Well, the problem is when the original Marc4J author took the spec at 
it's word, and actually _acted upon_ the '4' and the '5', changing file 
semantics if they were different, and throwing an exception if it was a 
non-digit.

This actually happened, I'm not making this up!  Took me a while to debug.

So do you think he got it wrong?  How was he supposed to know he got it 
wrong, he wrote to the spec and took it at it's word. Are you SURE there 
aren't any Marc formats other than Marc21 out there that actually do use 
these bytes with their intended meaning, instead of fixing them?

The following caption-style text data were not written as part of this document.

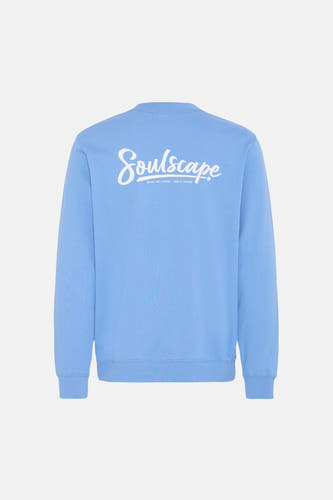 Blauwe sweater van SOLID met lange mouwen en een ronde hals, met witte 'Soulscape' tekst op de achterkant.

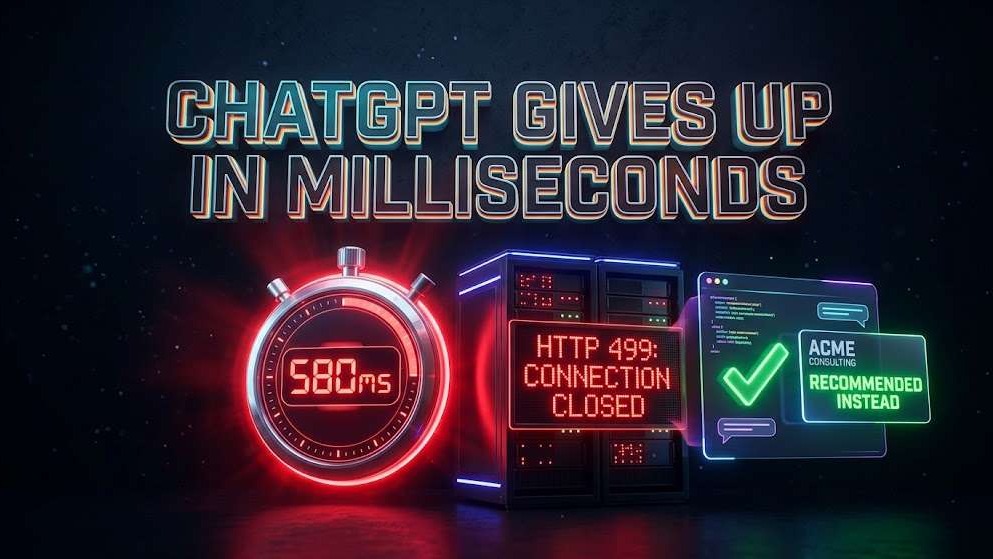 High-contrast graphic showing a digital stopwatch timing out at 580ms with an HTTP 499 error, causing ChatGPT to recommend a competitor.
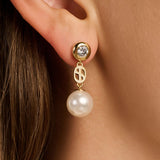 Icon Zirconia Pearl Earrings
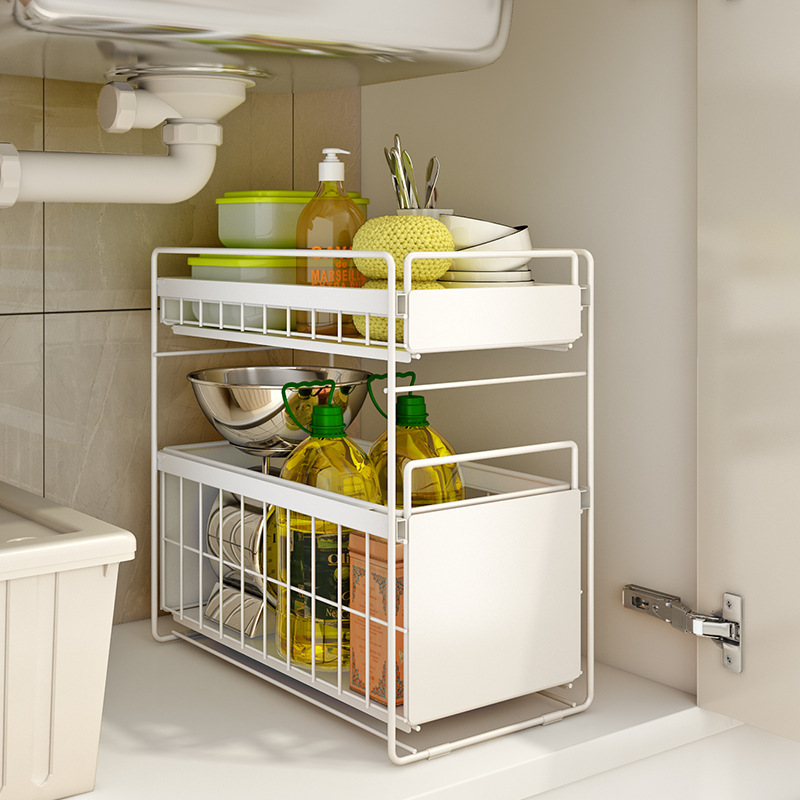 Kitchen Cabinet Sink Rack Floor-Type Drawable Push-Pull Bathroom Supplies Multi-Layer Storage Organizing Shelf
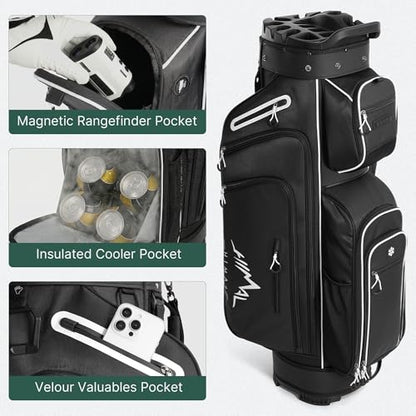 uniHimal T-Lock Golf Cart Bag with Quiet 14-Way Full-Length Divider Top | Golf Bag for Men with Magnetic Pocket, Cooler Pocket, Handle and Rain Cover - color: Black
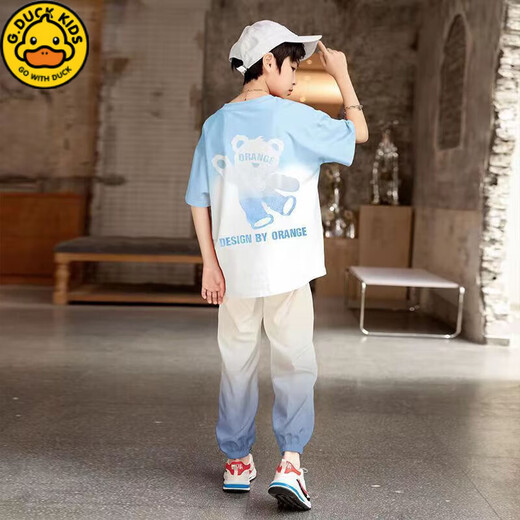 G.DuckKids Boys Traje de verano de moda de verano Pantalones de mosquito de manga corta Pantalones de manga corta Mosquito de tamaño mediano Conjunto de dos piezas de dos piezas de tamaño mediano YY1039 Azul 160 150-160cm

How was 
the Marc4J author supposed to be sure of that, or even guess it might be 
the case, and know he'd be serving users better by ignoring the spec 
here instead of following it?  What documents instead of the actual 
specifications should he have been looking at to determine that he ought 
not to be taking those bytes at their words, but just ignoring them?

To realize that we have so much non-conformant data out there that we're 
better off ignoring these bytes, is something you can really only learn 
through experience -- and something you can then later realize you're 
wrong on too:

Ie: I _thought_ I was writing only for Marc21, but then it turns out 
I've got to accept records from Outer Weirdistan that are a kind of 
legal Marc that actually uses those bytes for their intended meaning -- 
better go back and fix my entire software stack, involving various 
proprietary and open source products from multiple sources, each of 
which has undocumented behavior when it comes to these bytes, maybe they 
follow the spec or maybe the follow Kyle's advice, but they don't tell 
me.  This is a mess.

Maybe this scenario is impossible, maybe there ARE and NEVER HAVE BEEN 
any Marc variants that actually use leader bytes 20-22 in this way -- 
how can I determine that?  I've just got to guess and hope for the 
best.  The point of specifications in the first place is for 
inter-operability, so we know that if all software and data conforms to 
the spec, then all software and data will interact in expected ways.  
Once we start guessing at which parts of the spec we really ought to be 
ignoring....

Again, I realize in the actual environment we've got, this is not a 
luxury we have. But it's a fault, not a benefit, to have lots of 
software everywhere behaving in non-compliant ways and creating invalid 
(according to the spec!) data.